(RECORDS FOR PROCESSING begins)

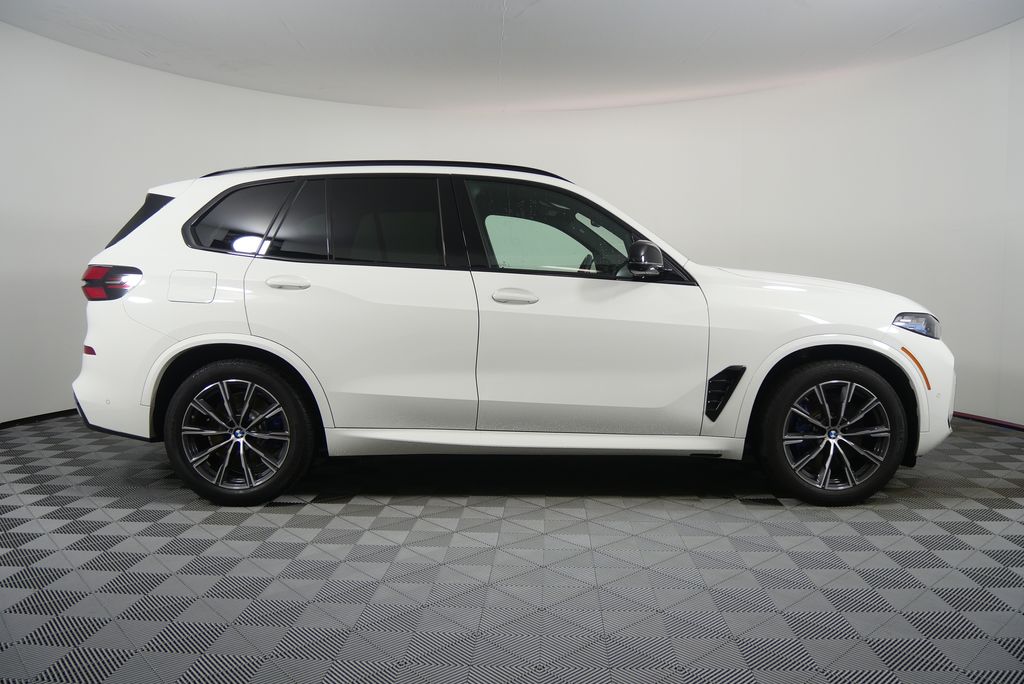 Thumbnail: 2025 BMW X5 - 2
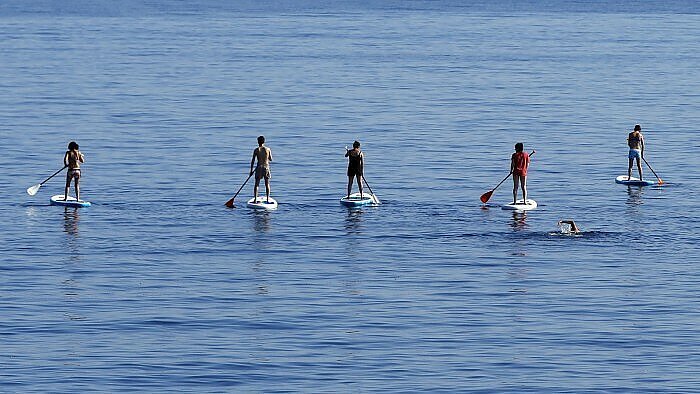 Klaipėdoje startuoja projektas „Čiuožk iš vonios, susitinkam ant bangos!“: kviečiami visi norintys susipažinti su vandens sportu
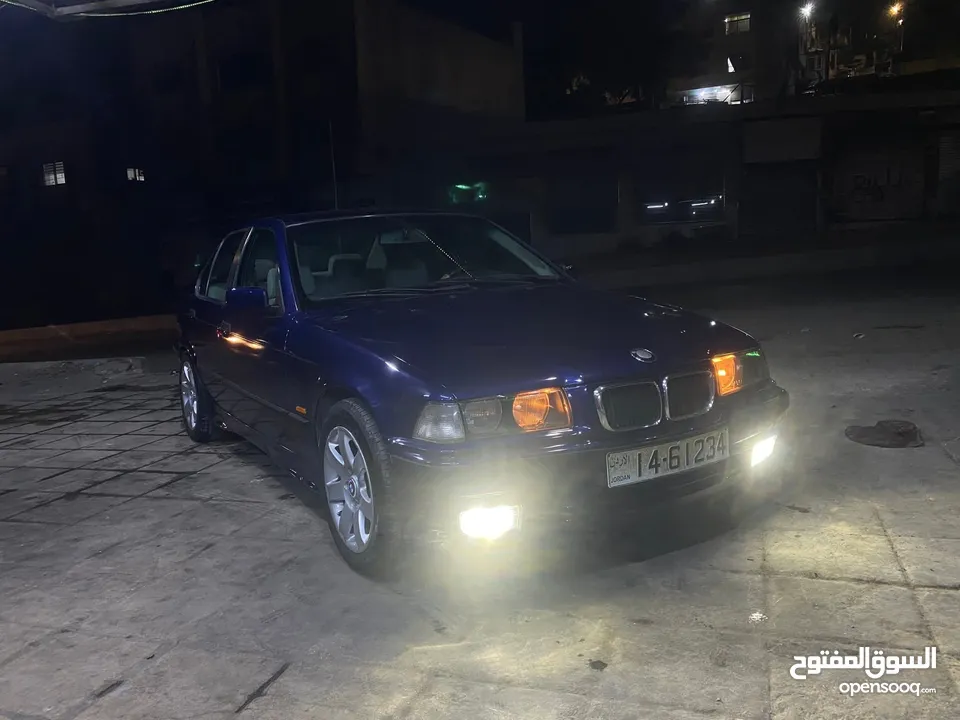 BMW وطواط 318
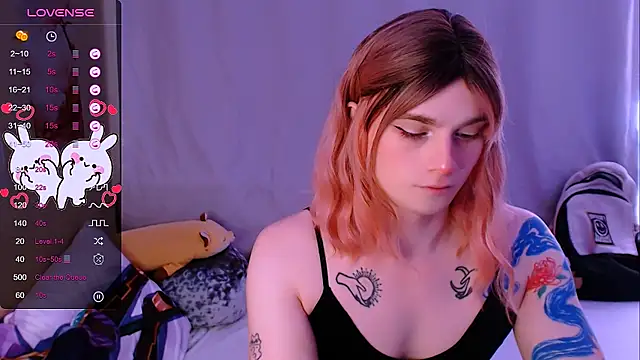 Snapshot of Alice_Hells chatting on 10-20-25, 06:48 Alice Hells online show from 10-20-25, 06:48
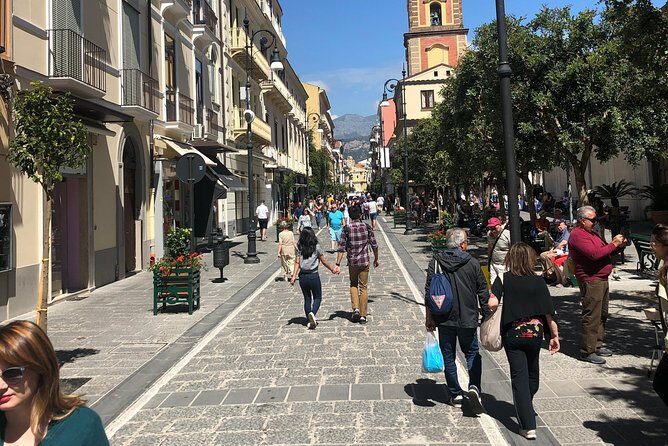 Secrets Walks of Sorrento with a Local - Sedile Dominova and Piazza Tasso: nobles, politics, and poetry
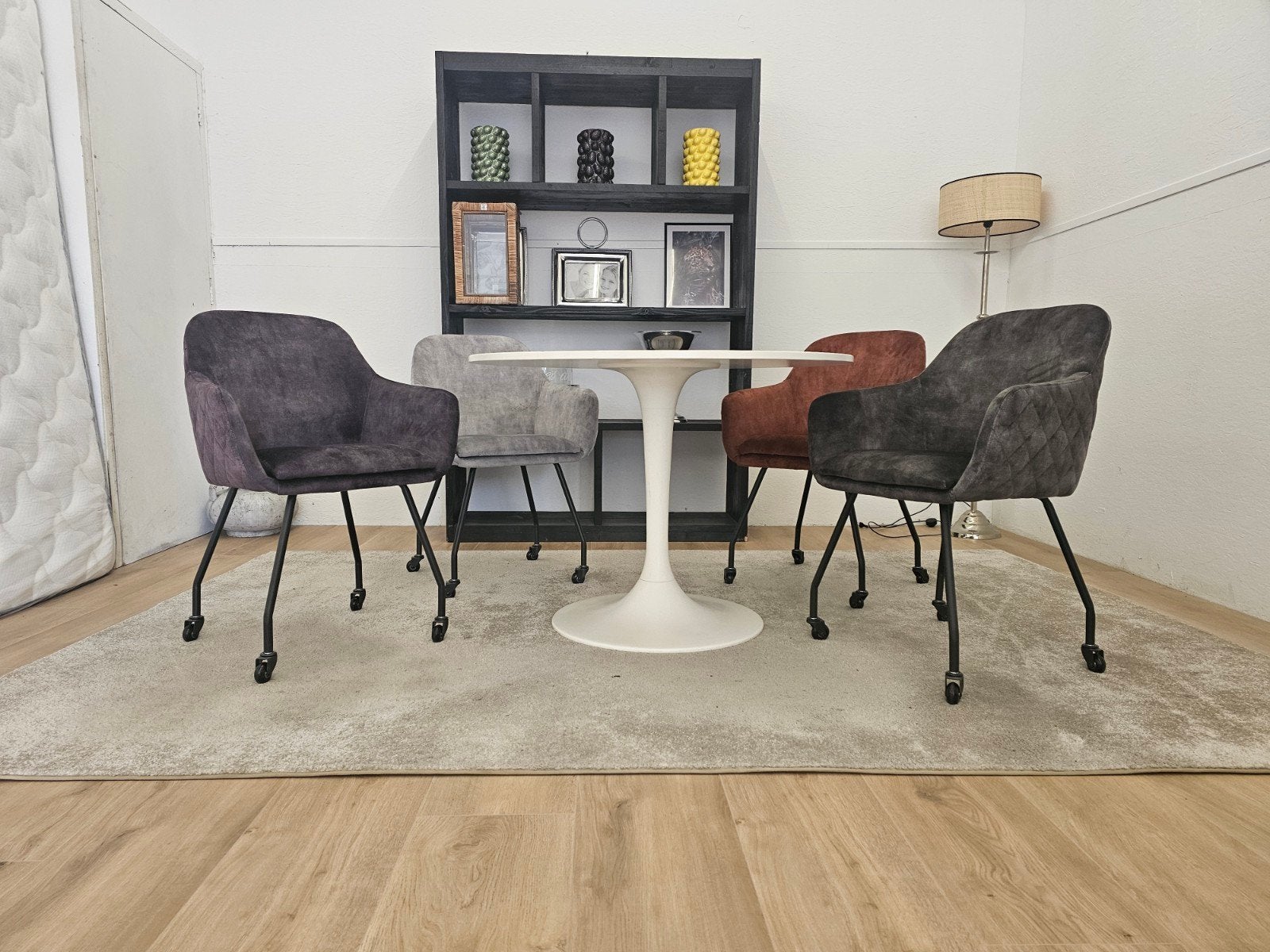 Kapinga stoelen, Ophalen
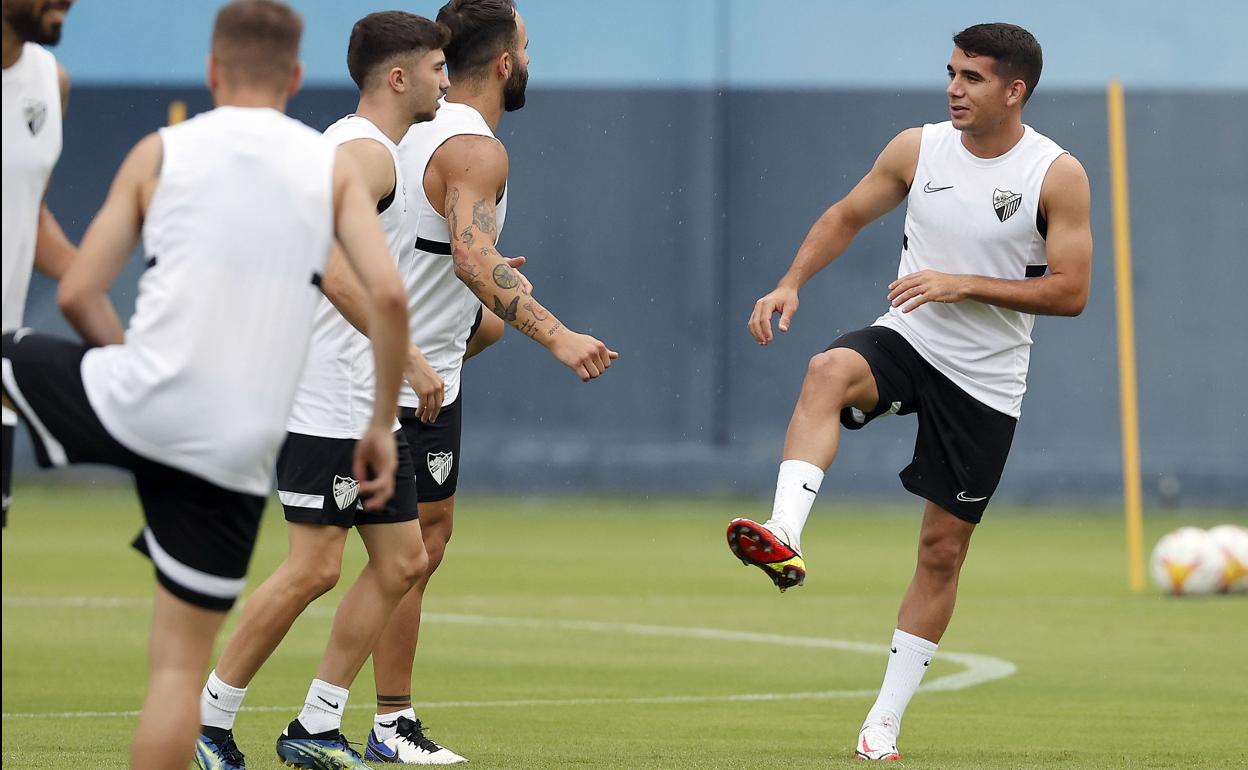 El jugador del Málaga, Víctor Gómez (derecha), durante un entrenamiento reciente en el Anexo de La Rosaleda.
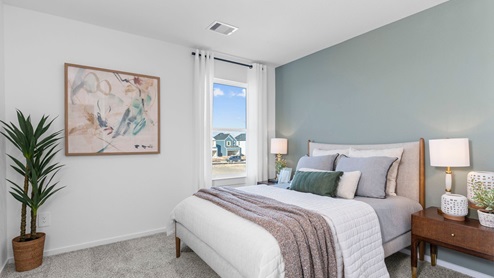 Secondary bedroom with one window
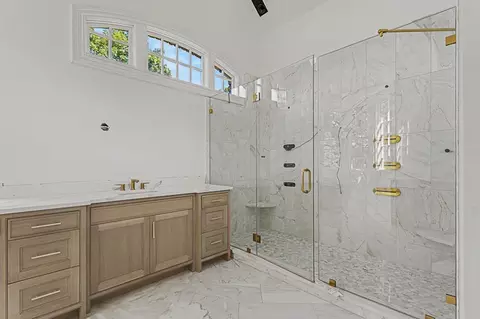 Bath - 80 Ashton Dr, Burr Ridge, IL 60527 photo 2 of 5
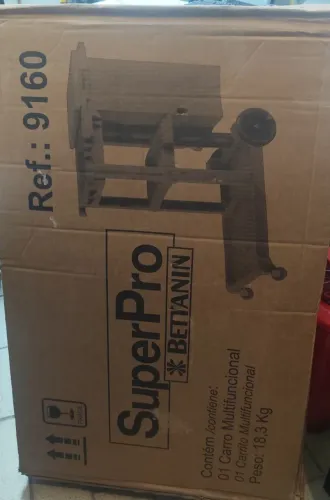 Carinho de limpeza funcional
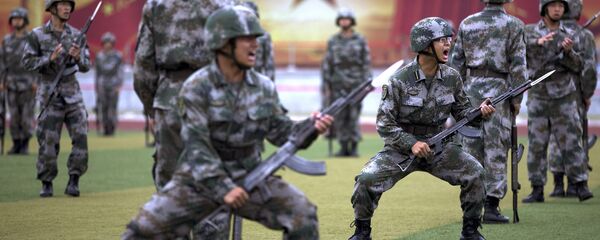 Soldados do Exército de Libertação Popular da China durante treinamento nos arredores de Pequim em julho de 2014 - Sputnik Brasil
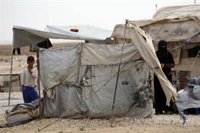 Las agencias humanitarias se esfuerzan por ayudar a los 200.000 desplazados por la ofensiva turca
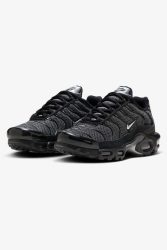 Nike Air Max Plus Sneaker - Black + Metallic Silver EU37.5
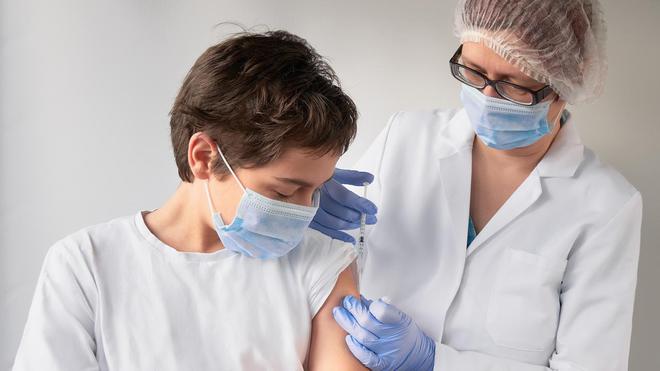 Covid-19 : le vaccin Pfizer autorisé en Europe pour les enfants de 5 à 11 ans, une première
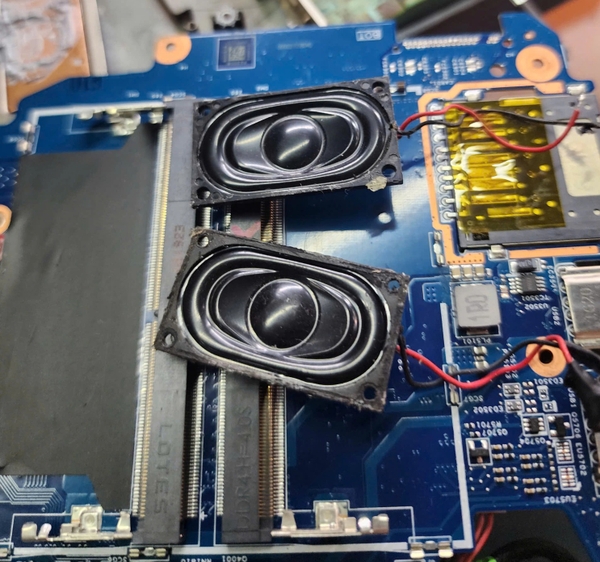 Loa laptop bị rè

(RECORDS FOR PROCESSING ends)

• _TASK REQUIREMENTS_
Starting at the line containing "El jugador del" and stopping at the line containing "Carinho de limpeza funcional", output each line exactly as it appears above. Leave out the pictures.

• _ANSWER BELOW_
 El jugador del Málaga, Víctor Gómez (derecha), durante un entrenamiento reciente en el Anexo de La Rosaleda.
 Secondary bedroom with one window
 Bath - 80 Ashton Dr, Burr Ridge, IL 60527 photo 2 of 5
 Carinho de limpeza funcional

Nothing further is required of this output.